In Hidden in Plain View, historian Jacqueline Tobin and
scholar Raymond Dobard offer the first proof that certain quilt
patterns, including a prominent one called the Charleston Code,
were, in fact, essential tools for escape along the Underground
Railroad. In 1993, historian Jacqueline Tobin met African American
quilter Ozella Williams amid piles of beautiful handmade quilts
in the Old Market Building of Charleston, S.C. With the admonition
to "write this down," Williams began to describe how
slaves made coded quilts and used them to navigate their escape
on the Underground Railroad. But just as quickly as she started,
Williams stopped, informing Tobin that she would learn the rest
when she was "ready." During the three years it took
for Williams's narrative to unfold—and as the friendship
and trust between the two women grew—Tobin enlisted Raymond
Dobard, Ph.D., an art history professor and well-known African
American quilter, to help unravel the mystery.

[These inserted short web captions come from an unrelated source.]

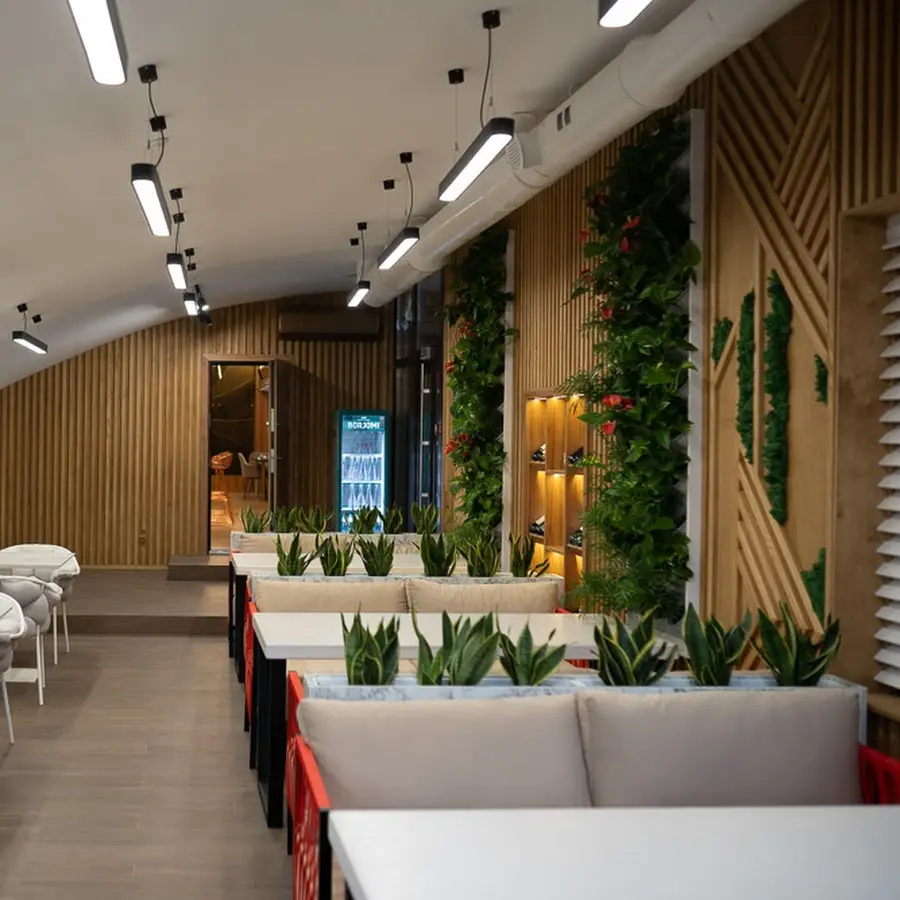 Marin&eacute; Restaurant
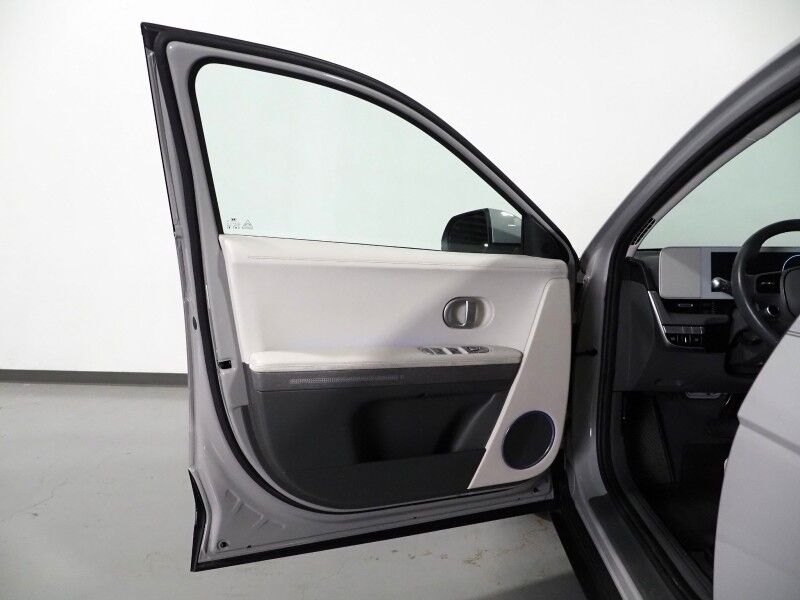 2023 Hyundai IONIQ 5 SEL (77 kWh Battery - 303 Mile Range) *NAVIGATION, SAFETY ALERTS, ADAPTIVE CRUISE, BACKUP-CAMERA, COLOR TOUCHSCREEN, HEATED SEATS/STEERING, POWER TAILGATE, WIRELESS CHARGING, ANDROID & APPLE Round Rock TX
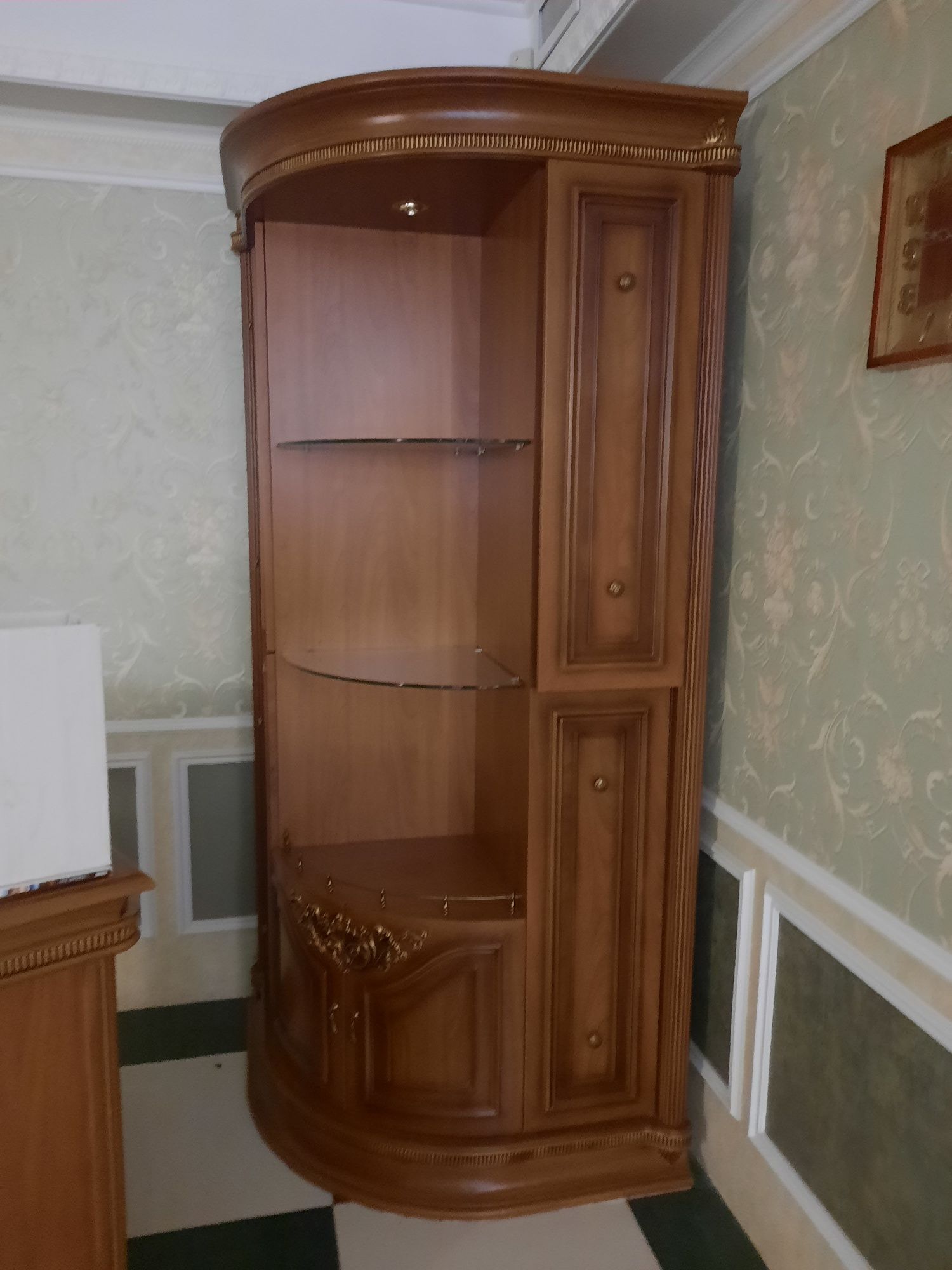 Барна стойка и два стула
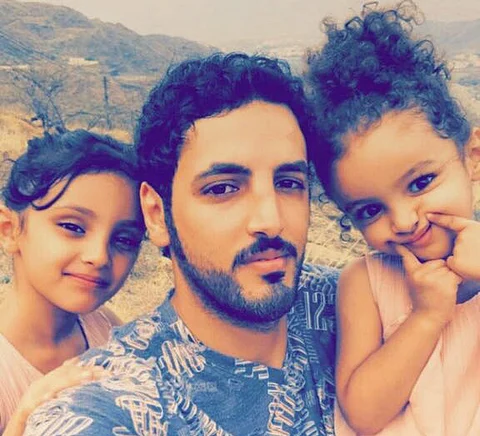 بينما لا تزال طفلتاه تنتظران عودته.. الشهيد "العمري" بين قلب أم يتفطر وفخر أخ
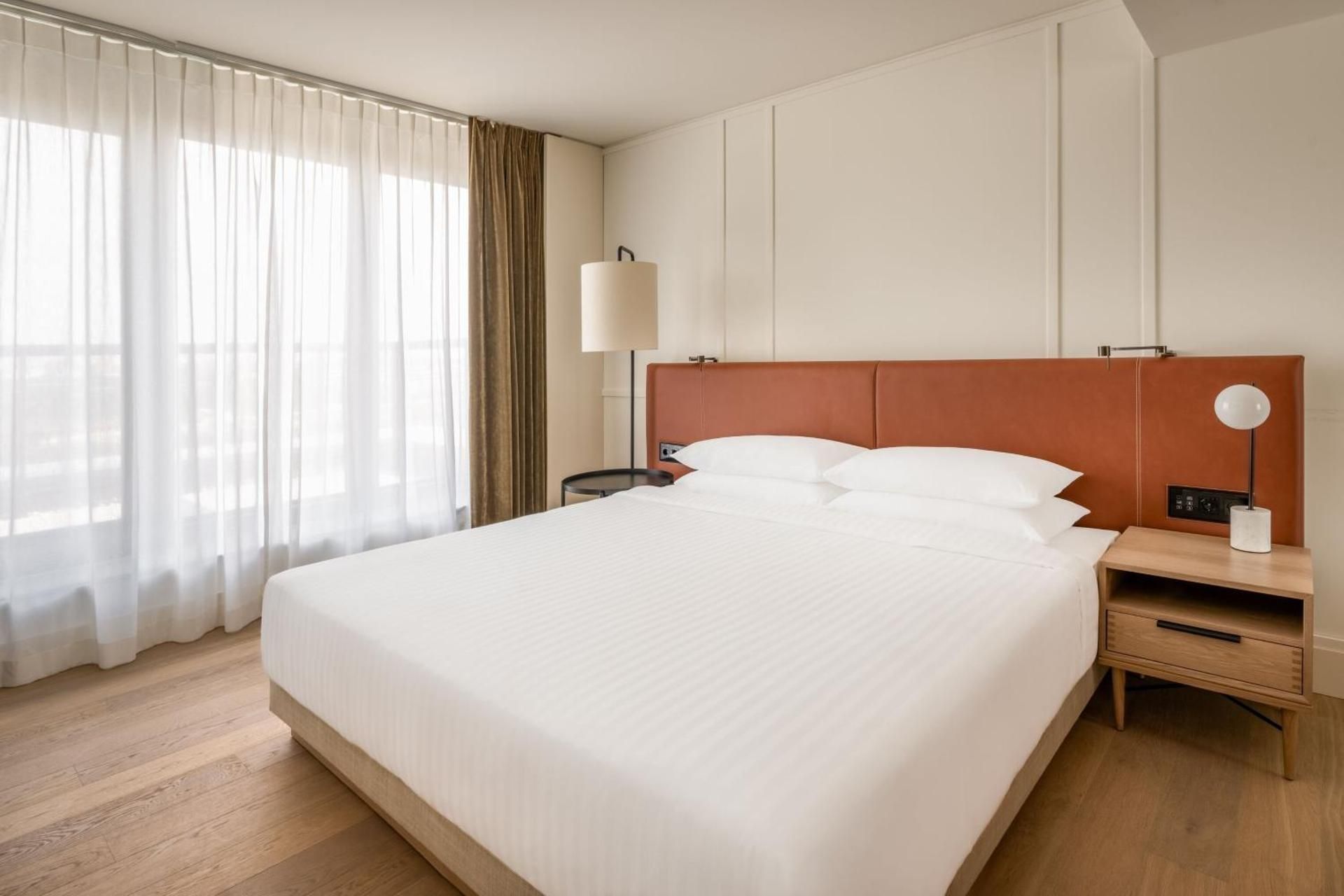 Executive King Suite - Club Lounge Access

Part adventure and part history, Hidden in Plain View
traces the origin of the Charleston Code from Africa to the Carolinas,
from the low-country island Gullah peoples to free blacks living
in the cities of the North, and shows how three people from completely
different backgrounds pieced together one amazing American story.
–Amazon.com
On Tuesday, June 28 at 7:30 p.m., the group discusses Cold
Mountain by Charles Frazier.
One of the most acclaimed novels in recent memory, Charles Frazier's
Cold Mountain is a masterpiece that is at once an enthralling
adventure, a stirring love story, and a luminous evocation of
a vanished American in all its savagery, solitude, and splendor.
Sorely wounded and fatally disillusioned in the fighting at Petersburg,
Inman, a Confederate soldier, decides to walk back to his home
in the Blue Ridge Mountains and to Ada, the woman he loved there
years before. His trek across the disintegrating South brings
him into intimate and sometimes lethal converse with slaves and
marauders, bounty hunters and witches, both helpful and malign.
At the same time, Ada is trying to revive her father's derelict
farm and learn to survive in a world where the old certainties
have been swept away. As it interweaves their stories, Cold Mountain
asserts itself as an authentic American odyssey—hugely powerful,
majestically lovely, and keenly moving.